On Feels Like Air the band sticks to what they know and do best. They don’t duplicate musical patterns though, they shift and bent their sonic palette adding in traces of bold originality. Self-aware and mature in their endeavours, ISLAND craft a compilation of songs that grasp, move and impress leaving listeners with a hunger for more.

Starting with sparkling guitars of the opener Ride, we’re being taken on a journey into the world of eerie melodies that patch their unique and radiant sound together. Intense and unsettling in a way, but also graceful throughout, the track comes across as a strong introduction to the band’s aesthetics.

With the exact precision, they balance on the verge of clear consciousness and vivid imagination. To say Feels Like Air is a dreamy album would be a great simplification and understatement, as there’s much more depth to it. Hidden within remodeled layers and textures, the meaning is there waiting to be uncovered.

One of the most outstanding tracks on the record, The Day I Die reveals that newly found sensibility and lyrical expansion. Delving into the theme of life in modern world, ISLAND keep the melody within the comfort zone of their signature atmospheric soundscape. The ardent rhythmic play and growling vocals create a truly magnificent aura, capturing the essence of an emotional turmoil.

The magnetic field created by sleek bass lines and driving drums is something to be envied when you listen closely to ISLAND’s entire catalogue. Dipping into the pensive ambience, Horizon beautifully exposes Rollo Doherty’s vocal range that is a focal point of the song. Elsewhere on the record, Something Perfect strikes with urgent guitars in an instant before the drums burst out into the chorus.
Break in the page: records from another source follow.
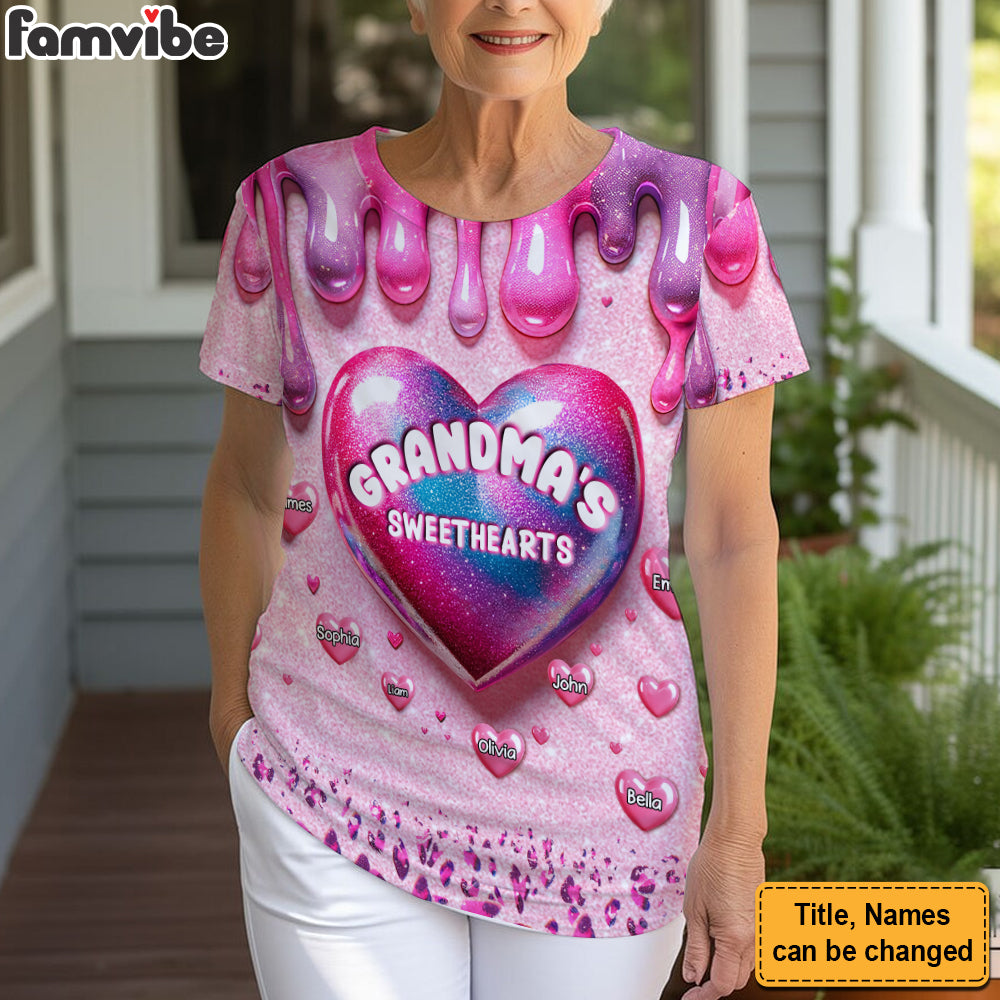 Personalized Gift For Grandma's Sweethearts Mug All-over Print T Shirt - Hoodie - Sweatshirt 32787 Primary Mockup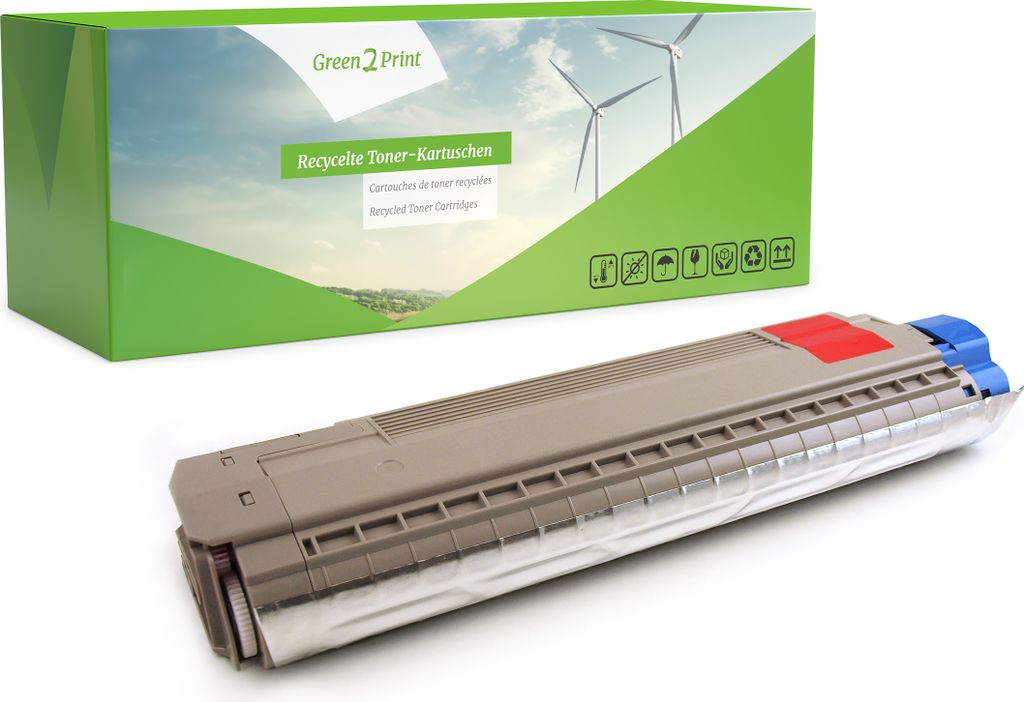 Green2Print Toner magenta 10000 pages remplace OKI 44059210 Toner pour OKI MC860CDTN, MC860CDXN, MC860DN, CX2633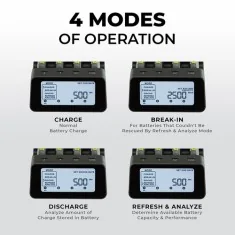 Carregador Powerex MH-C9000PRO, carregador-analisador para 4 pilhas AA, AAA NiMH, NiCD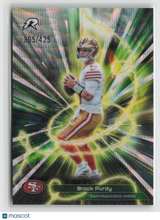 Brock Purdy 2025 Topps Resurgence Conductors Surge Refractor #C-15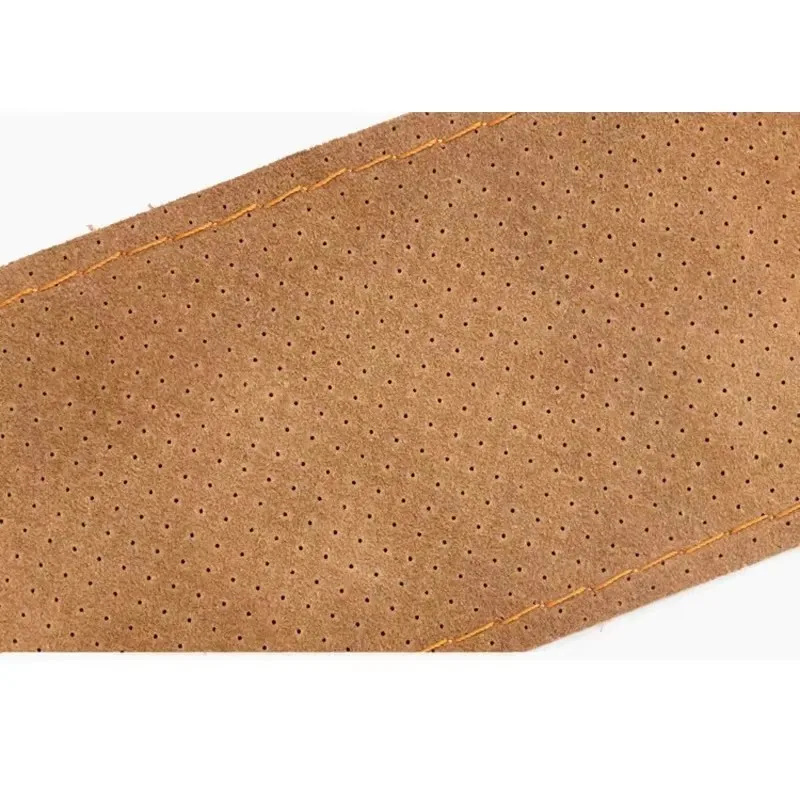 CHIZIYO Genuine Leather Steering Wheel Cover Anti-Slip 42-50cm Universal Fit for Trucks Buses Cars SUV Auto Accessories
Melodically catchy and lyrically reflective, the instrumentals cleverly alter and play with our moods.

The poignant We Can Go Anywhere possesses that ethereal factor allowing us to fall into a lucid dream once more, whilst the title track is an absolute marvel that has already proved to be one of the live favourites.

Closing in with the acoustic mellow Lilyflower, the band soar on a sense of melancholia and hopeless romanticism, keeping the integrity of the whole album intact.

I really tried not use any stargazing references this time, but it proved harder than expected. It turns out that dreaming of that place they liked has finally payed off and the stars are now within reach. ISLAND have achieved something purely authentic on their debut effort, something that will resonate and soothe even the most troubled souls.